Max Pechstein
Am Seeufer, 1910
In einer abstrahierten, in intensiven Gelb-, Rot-, Blau- und Grüntönen gemalten Landschaft steigt eine nackte Frauenfigur mit vor der Brust verschränkten Armen aus dem Wasser. Ihr überkreuzter Ausfallschritt wirkt wie erstarrt – während der linke Fuß bereits das Ufer berührt, steht der rechte noch im kühlen Nass. Im Hintergrund baden drei weitere Frauen im See. Die langen roten Schatten, die bis zur unteren Bildkante reichen, sowie der dunkle, durch seine roten Kuppen akzentuierte Horizont geben den Eindruck eines Sommerabends.

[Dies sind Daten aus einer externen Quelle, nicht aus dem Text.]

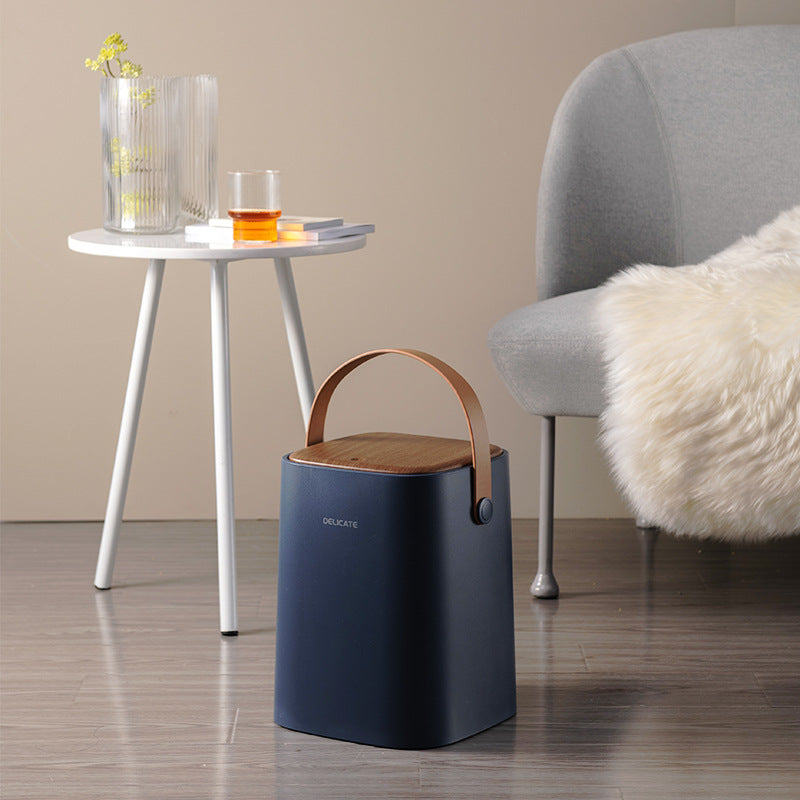 Household Wood Grain Press Type Trash Can With Lid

Max Pechstein, der sowohl zur »Berliner Secession« und »Neuen Secession« als auch zur Künstlergruppe »Brücke« gehörte, arbeitete 1910 gemeinsam mit den Künstlerfreunden Ernst Ludwig Kirchner und Erich Heckel an den Moritzburger Teichen nahe Dresden. Wie die Anhänger der Lebensreformbewegung suchten die Maler in der Natur nach Ursprünglichkeit, nach unmittelbarem Erleben. In diesem Bestreben entstanden in Moritzburg zahlreiche Gemälde, Aquarelle und Zeichnungen von Badeszenen. Eine besondere Nähe zu Pechsteins »Am Seeufer« weisen Heckels »Badende am Teich (Moritzburg)« von 1910 sowie Kirchners »Vier Badende« von 1909/10 auf – sie zeigen, wie eng die Künstler zusammenarbeiteten.